Using AI techniques, Ontash has enabled QRS to tap a new and potentially huge new market: SSI Enrollment for hospitals. CMS reimburses hospitals that serve poor and underprivileged populations – because these individuals are less likely to pay for hospital services. The data CMS uses to determine whether a hospital qualifies for these reimbursements, involves patient stays that are covered by government supplemental pay and insurance programs (SSI and Medicaid). CMS uses the number of SSI/Medicaid patients days to determine whether or not the hospital qualifies for reimbursements. Unfortunately, many patients who use hospital facilities may be eligible for SSI/Medicaid, but don’t know they qualify and/or can’t afford the process necessary to gain benefits.

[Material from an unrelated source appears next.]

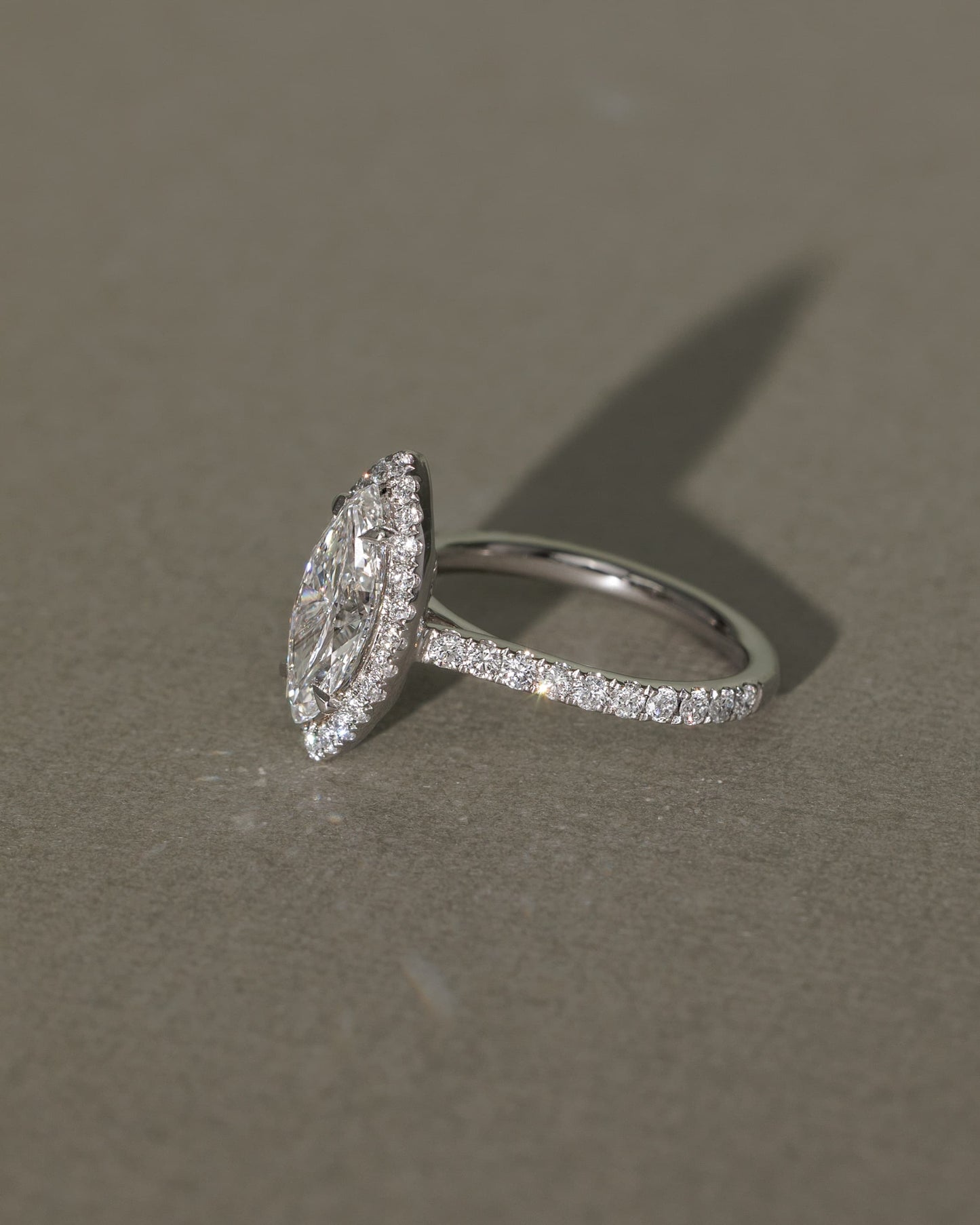 Stefania - Marquise Claw Solitaire with Halo and Pave Band and Cathedral High Setting Engagement Ring - White Gold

Identifying patients who are candidates for SSI/Medicaid, but don’t yet qualify, requires a level of sophistication in data analysis beyond data mining. It requires knowledge of “indicators” that point toward eligibility. These “indicators” are used in a “rule based decision making system.” In other words, Ontash utilizes Artificial Intelligence (AI) algorithms, applied to patient medical records to comb through tens of thousands of data variables to produce a manageable pool of prospective SSI/Medicaid candidates, for which a concerted effort will be expended to gain benefit status. The system improves itself over time by analyzing the accuracy of past decisions. The SSI Enrollment process often takes 2 years or more and requires hundreds of man-hours to accomplish. So, QRS depends heavily on the accuracy of Ontash AI applications.

A pilot program for SSI Enrollment, again hosted in the Azure cloud, and utilizing Ontash AI to identify candidate patients and has yielded $1.5 million for the hospital in its first year of operation. This technology will also be used to identify subsets of a patient population for intervention in order to improve healthcare and reduce costs.

Ontash Data Analytics In The Works

On a very granular level: Ontash is currently developing software tools that monitor a hospital’s patient population to predict which individuals are likely to cycle through hospital services at a high rate. These predictions may be used to intervene early, so treatment may be administered to break the cycle – improving healthcare and saving costs.

On a macro level: Ontash is developing software tools to forecast surges in patient demand, based on historical activity, weather, holidays and other factors that drive patient admissions. Using this kind of predictive modeling, hospitals will be able to optimize staffing for ER, rehab populations, special surgical procedures and even for day-to-day nursing rosters.

Health IT Services

Ontash uses its extensive experience (over 10 years) in providing Medicare reimbursement services to also provide core IT services to the Healthcare Industry.